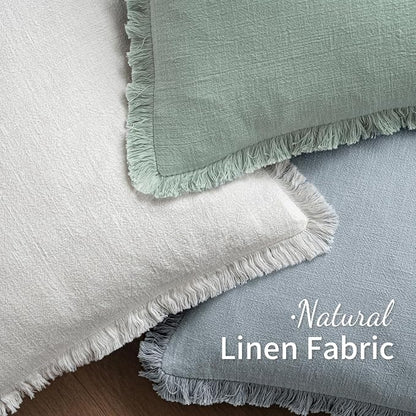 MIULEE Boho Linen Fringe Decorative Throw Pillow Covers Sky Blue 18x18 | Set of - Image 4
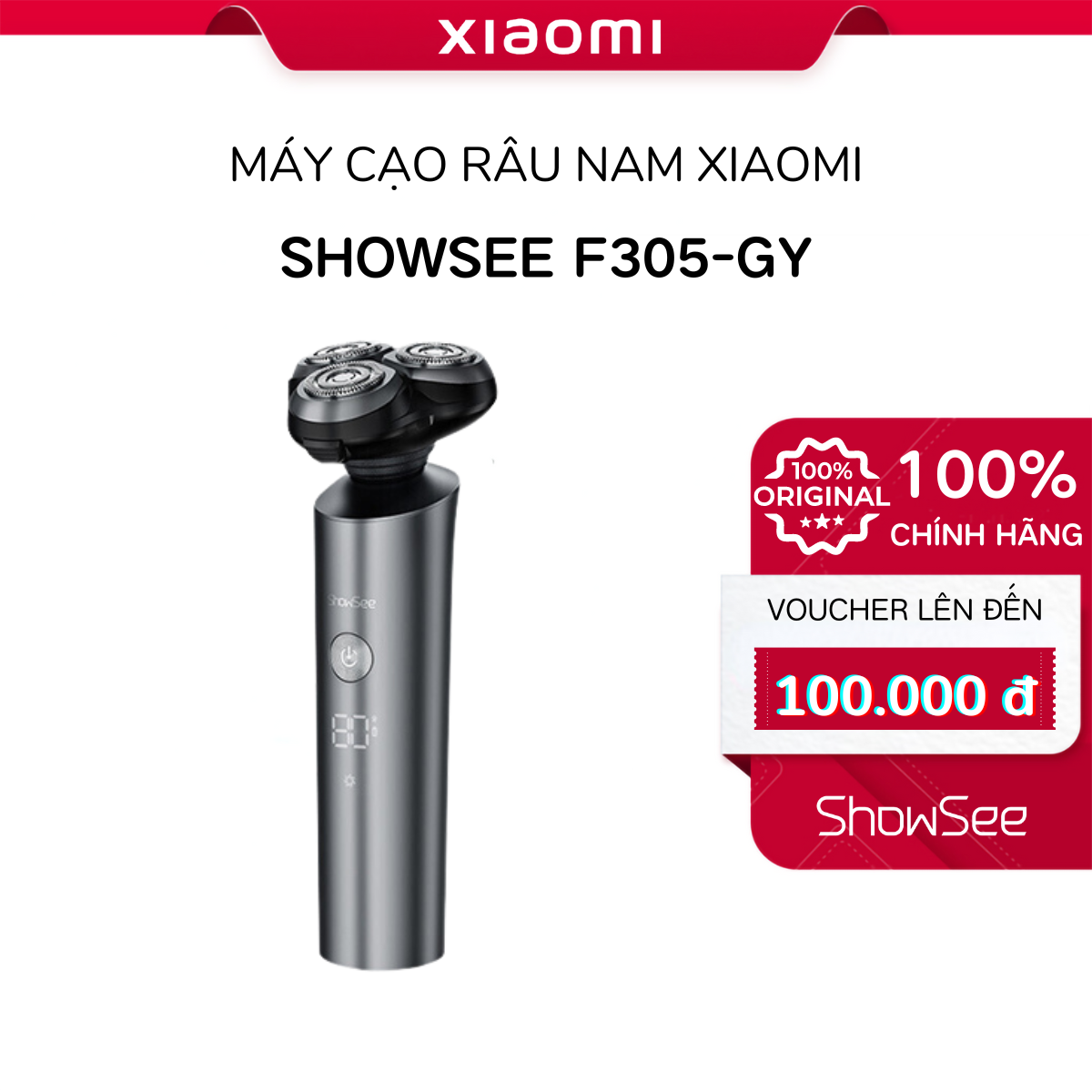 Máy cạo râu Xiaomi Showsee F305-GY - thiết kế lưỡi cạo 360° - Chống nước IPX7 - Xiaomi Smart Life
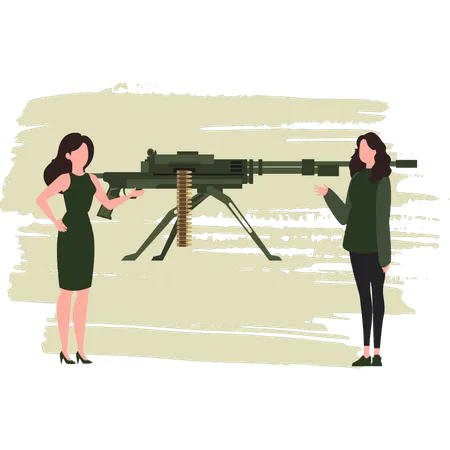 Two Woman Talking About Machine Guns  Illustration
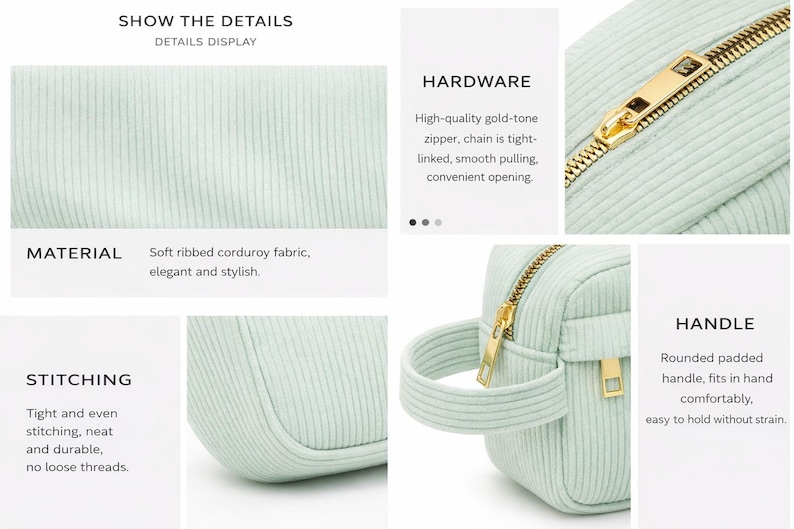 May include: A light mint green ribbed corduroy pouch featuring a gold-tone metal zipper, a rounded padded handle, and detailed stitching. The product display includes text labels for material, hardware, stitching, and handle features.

______

> [Exercise requirements]: Your reply should consist solely of the lines from the line containing "Two Woman Talking" through the last line of the listing, unchanged and free of pictures.

> [Exercise response]:
 Two Woman Talking About Machine Guns  Illustration
 May include: A light mint green ribbed corduroy pouch featuring a gold-tone metal zipper, a rounded padded handle, and detailed stitching. The product display includes text labels for material, hardware, stitching, and handle features.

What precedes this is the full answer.